This is not the model classroom laden with tech toys, nor is it even my ideal classroom… but it is getting closer every year. These are some of my favorite design tweaks, and how it helps me teach:
No desks. Chairs only, with tables on the outside for students to place their backpacks (and cell phones). Students come in and take out a notebook and pen, copy down the three structures of the day that are on the board, and then put their notebooks under their chair. I have to fit forty students into a classroom designed for twenty-eight; it was necessity that first led me to remove desks just to free up space. But now that I’ve done it, I would never go back! On the days that my AP students complete a formal essay I reserve the library. But writing is not the backbone of any TPRS class; listening and reading in class develop speaking and writing skills. They can place their notebooks on their laps as they write during the last ten minutes of class.

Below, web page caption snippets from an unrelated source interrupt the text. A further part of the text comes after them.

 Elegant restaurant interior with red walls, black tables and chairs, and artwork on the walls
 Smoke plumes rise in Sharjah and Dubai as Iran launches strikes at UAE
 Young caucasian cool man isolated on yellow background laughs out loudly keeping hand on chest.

I also place the chairs in groups to facilitate TPR, naming groups after countries. I learned this from Jason Fritze. Once the whole class responds to ¡Levántense! and ¡Miren! then it’s time to start switching it up and say ¡España, levántense. Miren a México!. It keeps them in their toes.

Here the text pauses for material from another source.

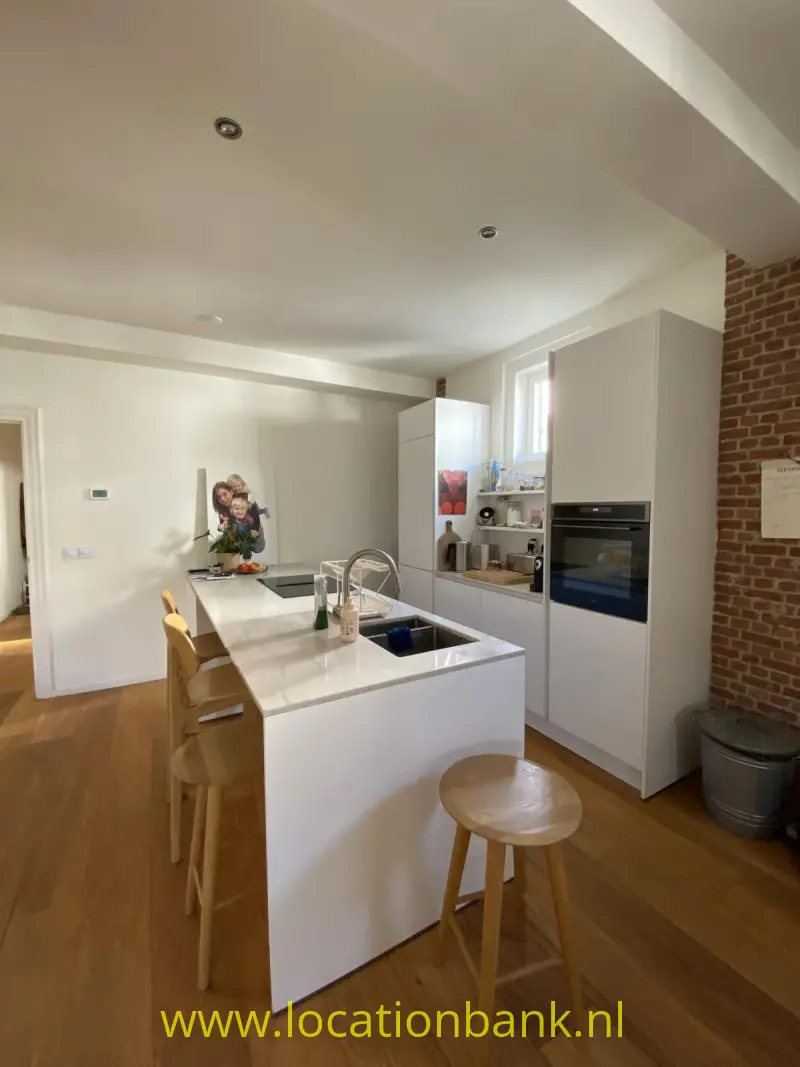 Witte keuken met een centraal kookeiland, hoge kasten, een oven en een zichtbare bakstenen muur.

Inspired by something I once read about Bryce Hedstrom’s classes: the back of the seats of the front row all have exclamations that I encourage them to use in class, so that not only do I get the ohhhhh’s but also a ¡Claro que sí!. Sometimes this can be really amusing.
Free reading library; there are duplicates but none of these books are “required” in the sense that we talk about them in class. Instead they are used for sustained silent reading. Some of the books, like Donde viven los monstruos, are chosen to appeal to non-heritage speakers with very little reading ability in Spanish. Right now I have about 70 books, but I’m building this library to be a more important part of my classes, in every level. The little shelfs are made of cardboard and paper stapled to the wall… very cheap but took some time during the summer to figure it out and then put it together.

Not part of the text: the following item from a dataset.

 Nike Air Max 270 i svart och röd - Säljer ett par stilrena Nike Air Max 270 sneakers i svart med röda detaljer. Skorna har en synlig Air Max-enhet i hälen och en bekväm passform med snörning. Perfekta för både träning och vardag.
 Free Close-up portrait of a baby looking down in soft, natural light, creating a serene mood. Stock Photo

Changing the lights from industrial office park lights to soft, friendly lamps has a surprising impact on the mood of the class. These are perfect for telling class stories.
My word wall focuses on the main sixteen irregular verbs that are used over and over again in conversation. Simply pointing to the correct verb with a laser pointer while telling a story, or asking a question, is amazingly effective. Terry Waltz has refined this list to 7 verbs which she teaches (in Mandarin) within the first two or so hours of class. The English will be removed once these verbs are internalized. I have the same verbs in the infinitive form posted along the front of the classroom.
The only poster in English is a reminder for me to SLOW DOWN. I refer to it often in class to emphasize that when they do not understand me then it’s my fault, not theirs.
Question words are posted in the most central place in class, right above where I often stand. I will tape the English to the bottom for the first few weeks of class to make sure these are thoroughly acquired. You can also see some of the animal puppets I have velcro-ed to the wall. They are good conversation partners and some even develop their own personalities, depending upon the class story.
Essential bookcase in the back of the room where I always place the paper that I need. You’ll notice a syllabus is already there, because otherwise I’ll lose it! The planning calendar is to keep track of when my AP kids will be giving a presentation… by September we are on a schedule where two people are giving two minute presentations every day. If I did not have this calendar I would forget.
The Sí sign velcro-ed to the front board has a red back that says no. Hold up red when ask a question. Wait. Wait. Flip it to sí and everyone answers at the same time.
The tarea box is another organizational tweak that has saved my life. I would never remember to collect homework if it weren’t for the rule that homework has to already be in the box before the last bell rings.
First day of school is tomorrow… looking forward to it!